Una vez aceptada la doctrina de que la salvación depende enteramente de Dios, el pensamiento de Pascal desestimó cualquier intento por racionalizar la fe cristiana. Los clásicos argumentos que pretendían demostrar la existencia de Dios, de corte cosmológico o antropológico, resultaron vanos frente a un absoluto insondable. De hecho, el protestantismo, de raigambre agustiniana, echó por la borda las pretensiones racionalistas de la filosofía para dar una respuesta al misterio divino.

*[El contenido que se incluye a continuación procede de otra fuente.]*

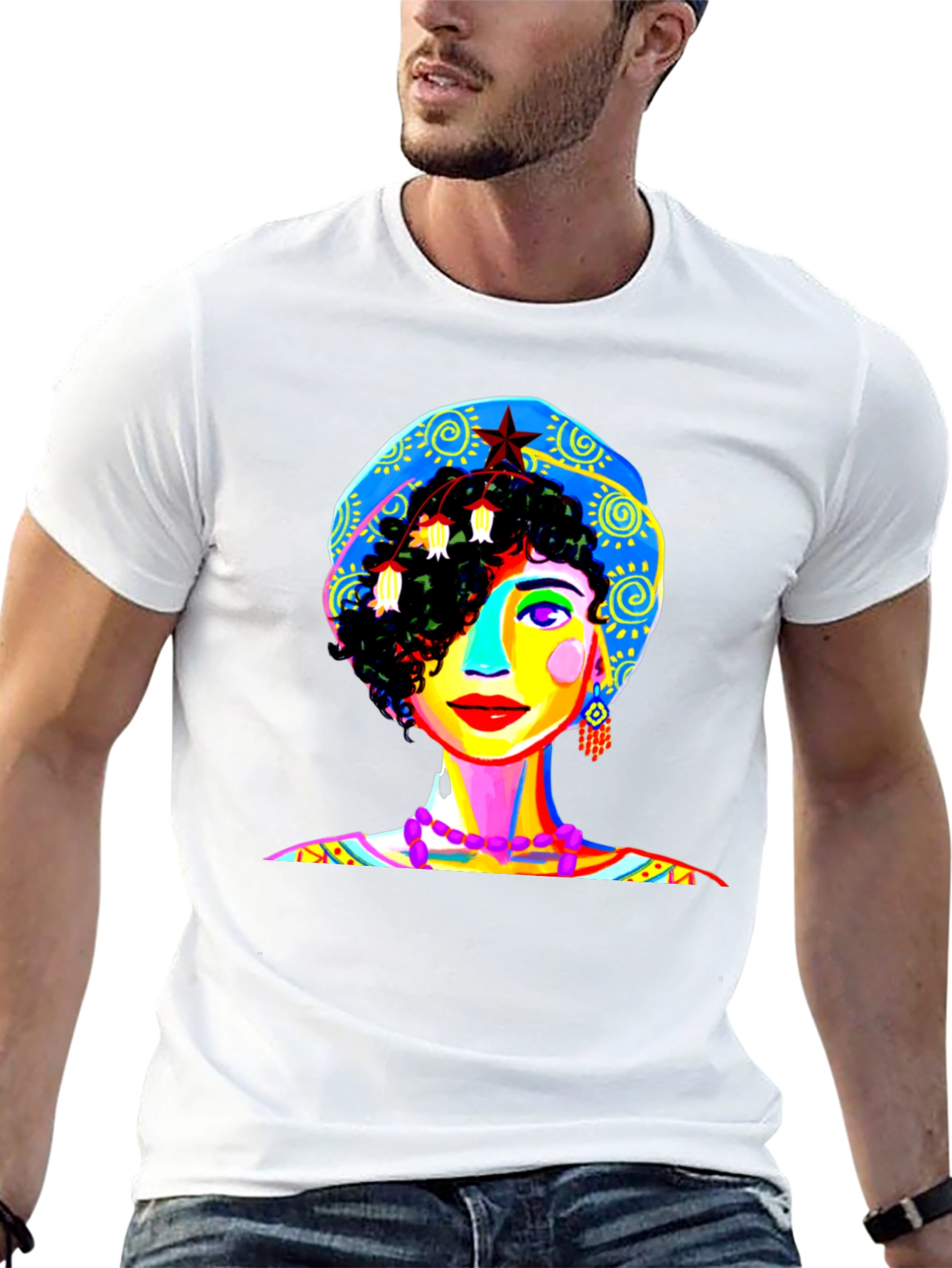 Vibrant Woman Graphic Tee - Unique Pop Art Design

Es famosa la sentencia de Lutero: “La razón es la meretriz del diablo”. Por esta razón Pascal, influido por el pensamiento agustiniano-jansenista, formuló un razonamiento sin pretensiones de objetividad científica ni de deducción lógica. La “apuesta de Pascal”, como se conoce, pretende convencer a no creyentes de que vivir cristianamente es lo más sensato a que pueden optar. La idea es muy simple: frente a dos escenarios, el de una vida conforme a la fe cristiana y una vida sin ese referente, la primera opción es la mejor que puede elegirse porque su recompensa es la felicidad eterna; y aun si no hubiera Dios, no habría nada que pudiera perderse. En esa apuesta, o se gana todo, o no se pierde nada.

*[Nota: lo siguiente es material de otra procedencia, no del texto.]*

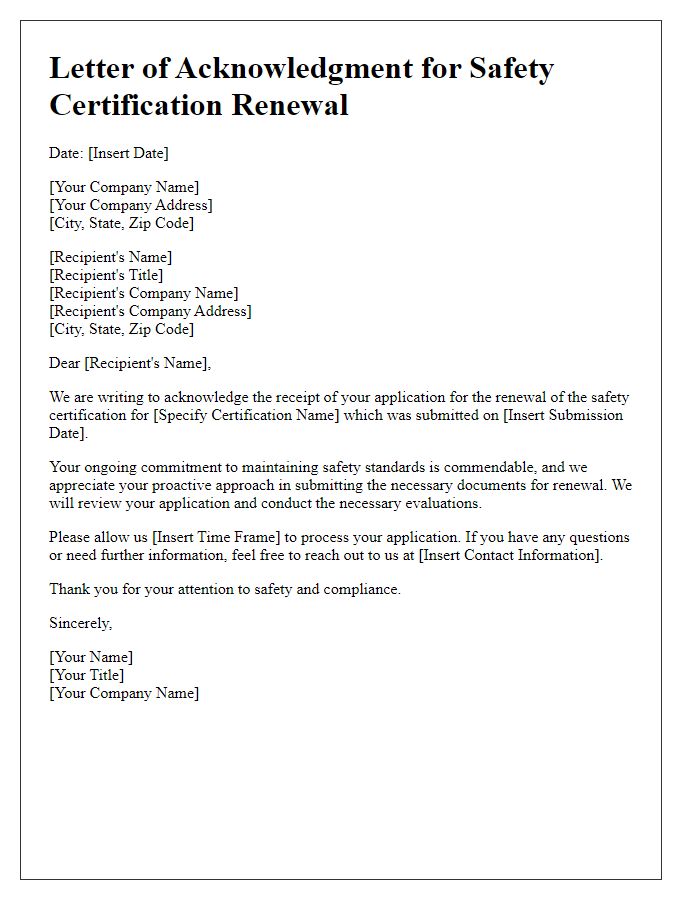 Letter template of Acknowledgment for Safety Certification Renewal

El razonamiento pascaliano no pretende demostrar la existencia de Dios, sino mostrar la razonabilidad de una vida conforme a la fe cristiana. Y aunque pudiera pensarse que su autor traiciona la doctrina jansenista de la salvación por la gracia, Pascal asumió su razonamiento como tarea individual no porque creyese que con él habría de salvar a muchas personas, sino porque suponía que su apologética serviría como un instrumento para que la gracia convirtiera a quienes estuviesen predestinados a convertirse. El carácter apologeta de Pascal no estribaba en una formulación apodíctica de la existencia de Dios, sino en un razonamiento práctico-moral. Puesto que la fe en el Crucificado es “estulticia” para los paganos (I Cor I, 23), hacer de ella una teoría demostrable supondría traicionarla. La demostración es propia de las ciencias, no de la fe. Y en este punto se descubre un cariz esencial de la metafísica pascaliana: hay un abismo inconmensurable entre el mundo material y el espiritual. Las pretensiones jesuitas de reconciliación no hacen justicia a la fe cristiana, sencillamente porque no es de este mundo.

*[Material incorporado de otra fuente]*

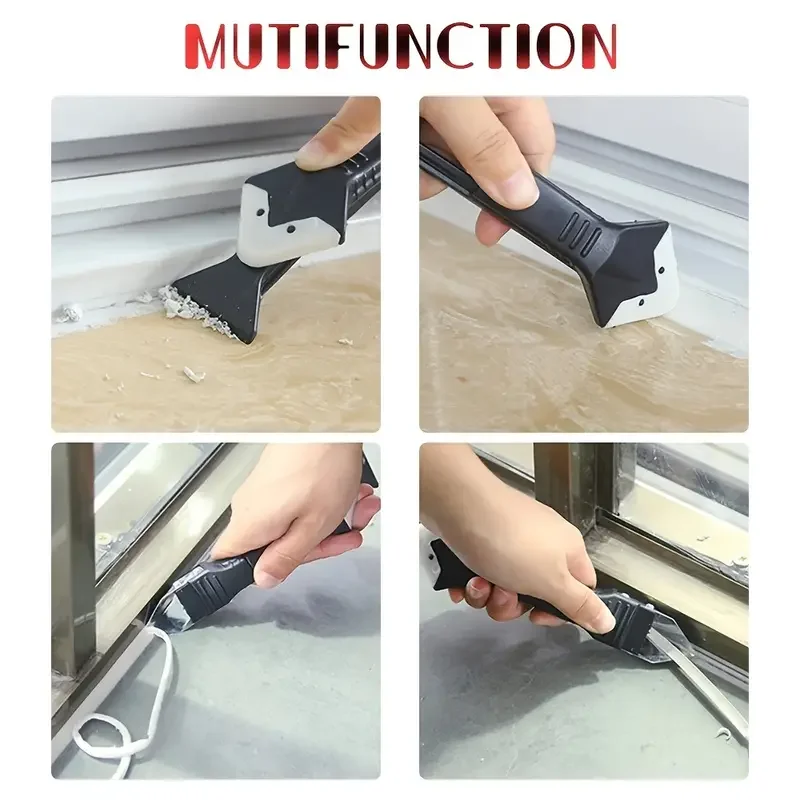 1pc 5 In 1 Silicone Scraper Glue Remover Knife, Angle Beauty Sewing Spatula Beauty Sewing Tool Four-piece Glue Scoop Hand Tools  2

En Pascal encontramos una respuesta trágica a la tensión entre gracia divina y libre albedrío. A 400 años de su nacimiento, la pugna entre ambas teorías ha adquirido diferentes formas: fe en la tradición versus esperanza en el progreso, conservadurismo versus progresismo, derecha contra izquierda. En el fondo, la disputa sigue siendo la misma: ¿somos responsables de nuestra propia redención (en cualquiera de sus variantes: progreso moral, progreso social…) o dependemos de instancias y factores externos para conseguirla?